Understanding the brain metabolism at rest and during periods of activity requires quantifying the amounts of oxygen entering and exiting selected volumes of neuronal tissue1. Previous measurements of PO2 in the brain have relied mainly on Clark-type oxygen electrodes2,3. However, electrodes are invasive and only allow discrete measurements along the insertion path and in the tissue, but not in vessels. One alternative approach is based on oxygen-dependent quenching of phosphorescence4. In this method, molecular phosphorescent probes5 are introduced directly into the blood or interstitial fluid, and external excitation and detection are used to noninvasively retrieve the signal.
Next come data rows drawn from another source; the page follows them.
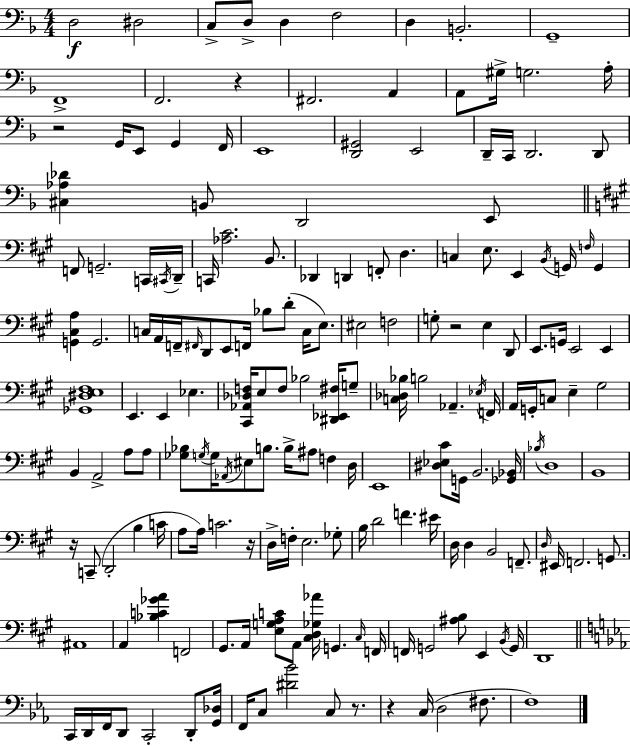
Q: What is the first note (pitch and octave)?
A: D3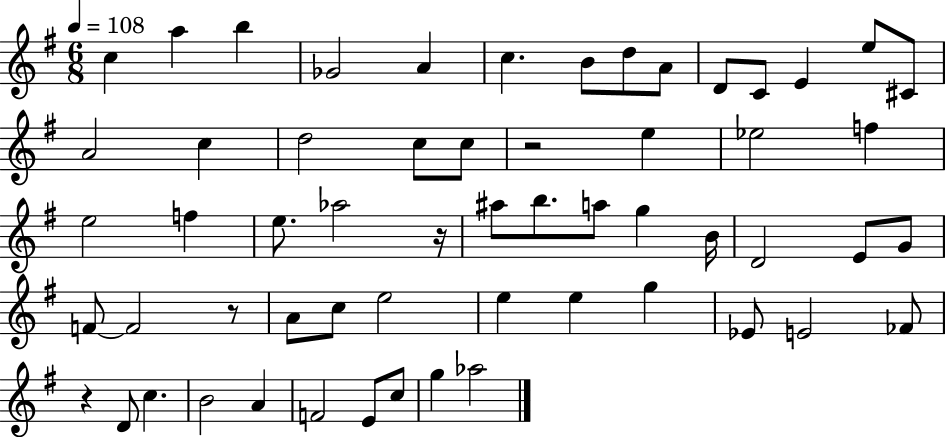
C5/q A5/q B5/q Gb4/h A4/q C5/q. B4/e D5/e A4/e D4/e C4/e E4/q E5/e C#4/e A4/h C5/q D5/h C5/e C5/e R/h E5/q Eb5/h F5/q E5/h F5/q E5/e. Ab5/h R/s A#5/e B5/e. A5/e G5/q B4/s D4/h E4/e G4/e F4/e F4/h R/e A4/e C5/e E5/h E5/q E5/q G5/q Eb4/e E4/h FES4/e R/q D4/e C5/q. B4/h A4/q F4/h E4/e C5/e G5/q Ab5/h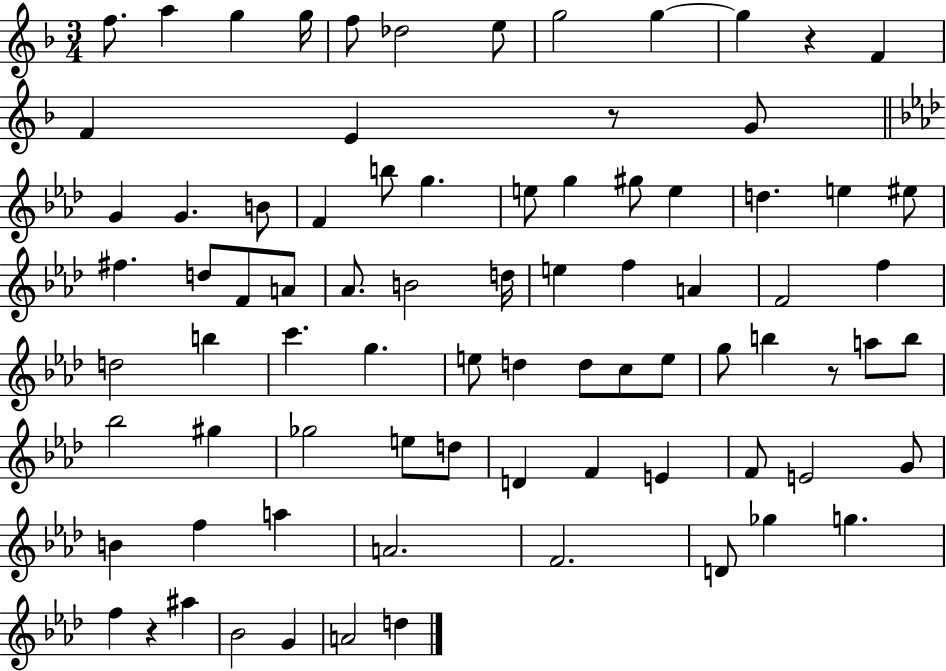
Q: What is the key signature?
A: F major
Here we made use of the recently designed phosphorescent probe PtP-C3436,7, which allows combining the phosphorescence quenching with two-photon microscopy. A major benefit of two-photon excitation is the confinement of the triplet state, which gives rise to phosphorescence, to the immediate vicinity of the laser focus, thereby eliminating oxygen consumption8 and formation of reactive oxygen species along the excitation path. The PtP-C343 signal, phosphorescence lifetime τ, is independent of the probe concentration, the pH and the presence of biological macromolecules and is selective for oxygen. PtP-C343 also emits fluorescence, which can be used for fast mapping of the probe distribution in the tissue.
Using 2PLM and PtP-C343, we present depth-resolved micron-scale simultaneous measurements of PO2 and blood flow in the rodent olfactory bulb. Furthermore, we show that 2PLM allows observation of erythrocyte-associated transients (EATs). Mapping oxygen in various vascular compartments unravels that arterioles contribute to the oxygen content of the neuropil. Measurements of capillary and tissue PO2 reveal that, at the site of synaptic transmission, odor triggers an increase of vascular PO2, which is preceded by a dip in tissue PO2.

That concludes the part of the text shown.